Implications for tests:

  • Add and Wait racing is a real race in the Go memory model. The race detector reports it because both atomics target the same word with non-atomic-vs-atomic semantics in some implementations (older Go: the panic check on negative counters). The modern detector also flags the logical race.
  • A WaitGroup cannot detect "you forgot Add." It only knows the current counter. If the counter is zero and you call Wait, you get an immediate return — silent and dangerous.
  • Wait reading a zero counter has the same happens-before semantics as a successful unlock — but only with respect to the Dones that preceded. If there were no Dones, there is nothing to establish a happens-before with.

noCopy and go vet

noCopy is a zero-size type whose Lock/Unlock methods cause go vet to flag copies. Try:

func bad(wg sync.WaitGroup) {}    // passes by value

go vet ./... reports bad passes lock by value: sync.WaitGroup contains sync.noCopy. Always pass *sync.WaitGroup.


2. Inside goleak

goleak.Find walks every goroutine's stack via runtime.Stack, parses the function names, and filters against a list of "expected" goroutines. The default ignore list includes:

  • testing.RunTests (the test framework)
  • runtime.gopark callers from the GC
  • runtime/trace.Start's background reader
  • time.Sleep (from the runtime timer goroutine, when present)

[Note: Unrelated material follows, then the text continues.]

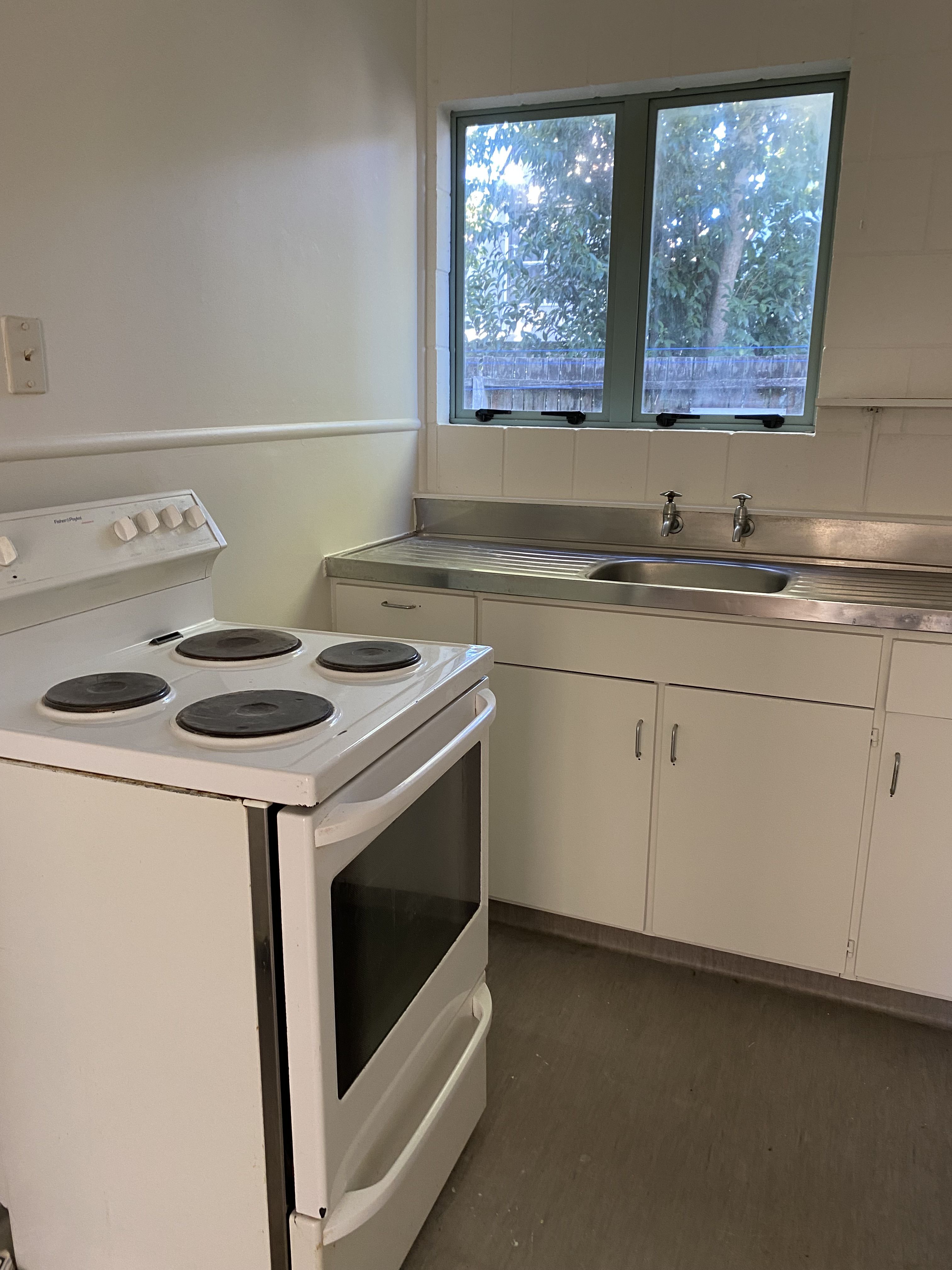 3/5 June Place, Hillcrest, Hamilton City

Anything else is reported as a leak.

The implementation:

func Find(options ...Option) error {
    cur := goroutineID()
    opts := buildOpts(options...)
    deadline := time.Now().Add(opts.maxRetryAttempts)
    for {
        gs := findLeaks(cur, opts)
        if len(gs) == 0 {
            return nil
        }
        if time.Now().After(deadline) {
            return goroutineToError(gs)
        }
        time.Sleep(opts.retryInterval)
    }
}

It retries because shutdown is asynchronous — a goroutine may take milliseconds to wake on context cancel. The default is 5 attempts × 20 ms = 100 ms.

For tests that run a server, the 100 ms grace is usually enough. For tests with slow shutdown (TCP listener draining), increase via goleak.WithRetryAttempts(...).

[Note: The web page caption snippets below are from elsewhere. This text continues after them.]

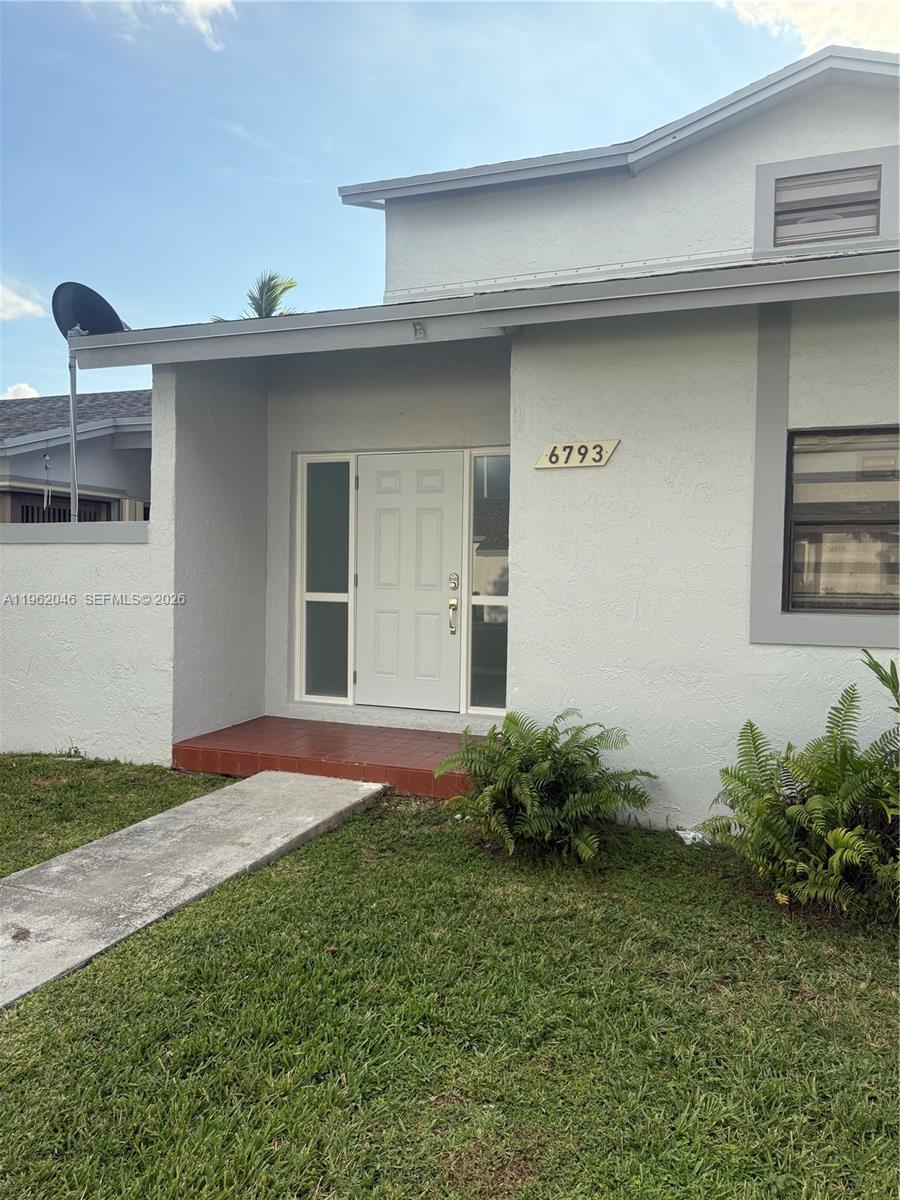 6793 Southwest 152nd Place, Unit 4793 Miami, FL 33193 - Photo 4 of 29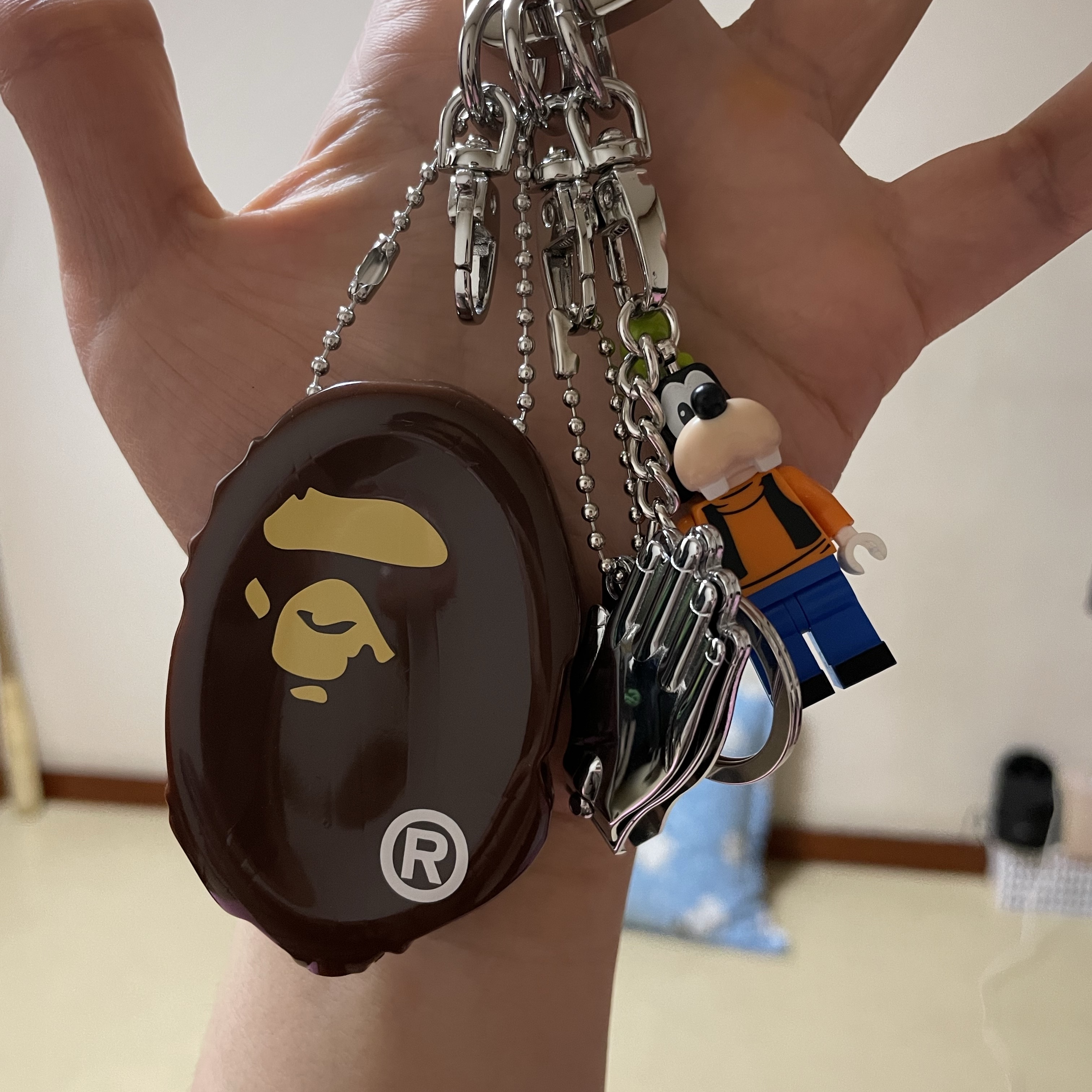 BAPE Ape Head Coin Case M Brown 착용 스타일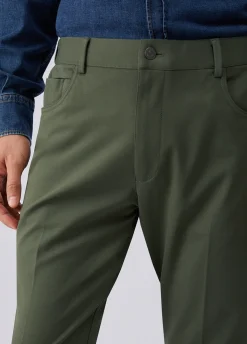 Pantaloni slim fit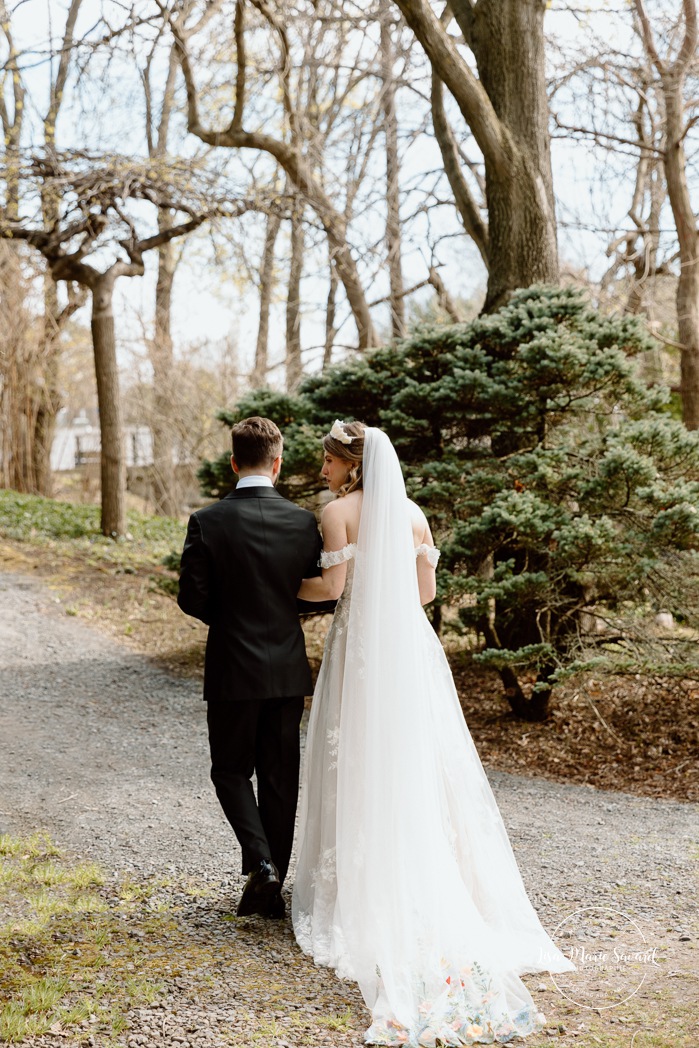 Outdoor wedding ceremony. Weeping willow wedding photos. Mariage au Pavillon de la Jamaïque à Montréal. Photographe de mariage à Montréal. Jamaica Pavilion wedding. Montreal wedding photographer.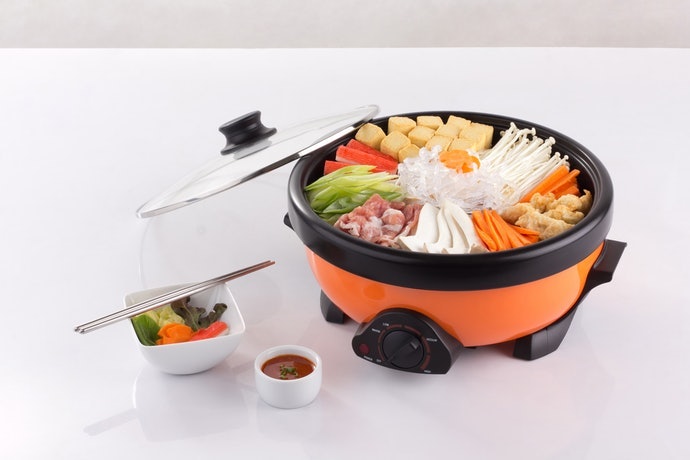 Nồi Lẩu Điện Tiện Lợi Với Nhiều Cách Sử Dụng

3. Designing a test harness

A "harness" is the shared infrastructure that wraps the system under test. Typical components:

type Harness struct {
    t      *testing.T
    ctx    context.Context
    cancel context.CancelFunc
    wg     sync.WaitGroup
    server *Server
}

func NewHarness(t *testing.T) *Harness {
    t.Helper()
    ctx, cancel := context.WithCancel(context.Background())
    h := &Harness{
        t:      t,
        ctx:    ctx,
        cancel: cancel,
        server: NewServer(),
    }
    h.start()
    t.Cleanup(h.Stop)
    return h
}

func (h *Harness) start() {
    h.wg.Add(1)
    go func() {
        defer h.wg.Done()
        h.server.Run(h.ctx)
    }()
    h.waitUntilReady()
}

func (h *Harness) waitUntilReady() {
    h.t.Helper()
    deadline := time.Now().Add(2 * time.Second)
    for time.Now().Before(deadline) {
        if h.server.Ready() {
            return
        }
        time.Sleep(5 * time.Millisecond)
    }
    h.t.Fatal("server never became ready")
}

func (h *Harness) Stop() {
    h.t.Helper()
    h.cancel()
    done := make(chan struct{})
    go func() { h.wg.Wait(); close(done) }()
    select {
    case <-done:
    case <-time.After(2 * time.Second):
        h.t.Fatal("harness did not stop within 2s")
    }
}

Tests now look like:

func TestHandlerX(t *testing.T) {
    h := NewHarness(t)
    resp := h.server.Call("/x")
    if resp.Status != 200 { t.Errorf(...) }
}

The barrier discipline is fully hidden. Engineers write straight-line test code. The harness ensures clean teardown.

Trade-offs of harnesses

  • Pro: Tests are fast to write and read.
  • Pro: Teardown is consistent — every test stops the server, no leaks.
  • Con: Hides the synchronisation, so when a test does flake, it is less obvious where the missing barrier is.
  • Con: Tightly couples the test to the harness. Refactoring the server's lifecycle ripples through every test.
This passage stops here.